YOUR OBJECTIVE: The required output is the exact run of lines below that opens at the line with "1500 Crystal Rd, Charlotte, NC, 28205" and closes at the line with "Marvel Comics MARVEL".
------------------------
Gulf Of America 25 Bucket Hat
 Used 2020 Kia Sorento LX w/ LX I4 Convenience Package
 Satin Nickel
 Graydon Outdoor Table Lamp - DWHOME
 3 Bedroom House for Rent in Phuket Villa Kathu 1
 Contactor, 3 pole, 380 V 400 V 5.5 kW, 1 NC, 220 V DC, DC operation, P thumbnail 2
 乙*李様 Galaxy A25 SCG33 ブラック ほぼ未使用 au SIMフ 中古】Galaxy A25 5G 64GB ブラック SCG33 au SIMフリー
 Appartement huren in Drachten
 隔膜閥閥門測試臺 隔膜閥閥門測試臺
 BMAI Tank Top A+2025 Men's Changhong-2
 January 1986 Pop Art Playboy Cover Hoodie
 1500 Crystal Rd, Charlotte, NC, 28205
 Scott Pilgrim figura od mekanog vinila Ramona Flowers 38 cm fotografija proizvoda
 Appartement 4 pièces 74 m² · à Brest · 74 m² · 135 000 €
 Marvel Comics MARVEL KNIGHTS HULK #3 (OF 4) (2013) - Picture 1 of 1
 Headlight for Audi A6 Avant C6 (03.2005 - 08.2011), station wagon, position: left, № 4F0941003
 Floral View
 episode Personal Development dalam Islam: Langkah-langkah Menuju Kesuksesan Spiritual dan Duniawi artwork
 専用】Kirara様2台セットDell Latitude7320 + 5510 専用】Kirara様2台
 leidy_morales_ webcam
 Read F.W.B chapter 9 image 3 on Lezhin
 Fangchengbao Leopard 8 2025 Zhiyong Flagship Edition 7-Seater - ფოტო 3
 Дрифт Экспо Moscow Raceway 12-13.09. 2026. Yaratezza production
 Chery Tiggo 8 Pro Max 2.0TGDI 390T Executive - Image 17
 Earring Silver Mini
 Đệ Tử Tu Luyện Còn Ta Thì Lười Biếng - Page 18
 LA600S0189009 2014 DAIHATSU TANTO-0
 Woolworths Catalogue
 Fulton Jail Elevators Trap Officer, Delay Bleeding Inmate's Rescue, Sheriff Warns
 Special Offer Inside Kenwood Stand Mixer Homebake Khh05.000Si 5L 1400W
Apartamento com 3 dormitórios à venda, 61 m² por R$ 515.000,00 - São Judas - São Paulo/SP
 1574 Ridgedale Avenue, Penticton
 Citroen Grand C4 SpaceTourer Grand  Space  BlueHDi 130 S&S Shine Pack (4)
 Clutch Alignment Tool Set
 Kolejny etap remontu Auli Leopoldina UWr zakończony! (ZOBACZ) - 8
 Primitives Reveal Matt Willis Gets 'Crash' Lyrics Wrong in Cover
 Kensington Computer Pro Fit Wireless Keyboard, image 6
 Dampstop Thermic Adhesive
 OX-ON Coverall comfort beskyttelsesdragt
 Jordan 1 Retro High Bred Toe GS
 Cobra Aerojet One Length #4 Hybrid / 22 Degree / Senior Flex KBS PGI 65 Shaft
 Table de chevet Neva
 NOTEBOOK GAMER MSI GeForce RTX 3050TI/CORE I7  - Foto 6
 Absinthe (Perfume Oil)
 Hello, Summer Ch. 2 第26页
------------------------
COMPLETED EXERCISE:
 1500 Crystal Rd, Charlotte, NC, 28205
 Scott Pilgrim figura od mekanog vinila Ramona Flowers 38 cm fotografija proizvoda
 Appartement 4 pièces 74 m² · à Brest · 74 m² · 135 000 €
 Marvel Comics MARVEL KNIGHTS HULK #3 (OF 4) (2013) - Picture 1 of 1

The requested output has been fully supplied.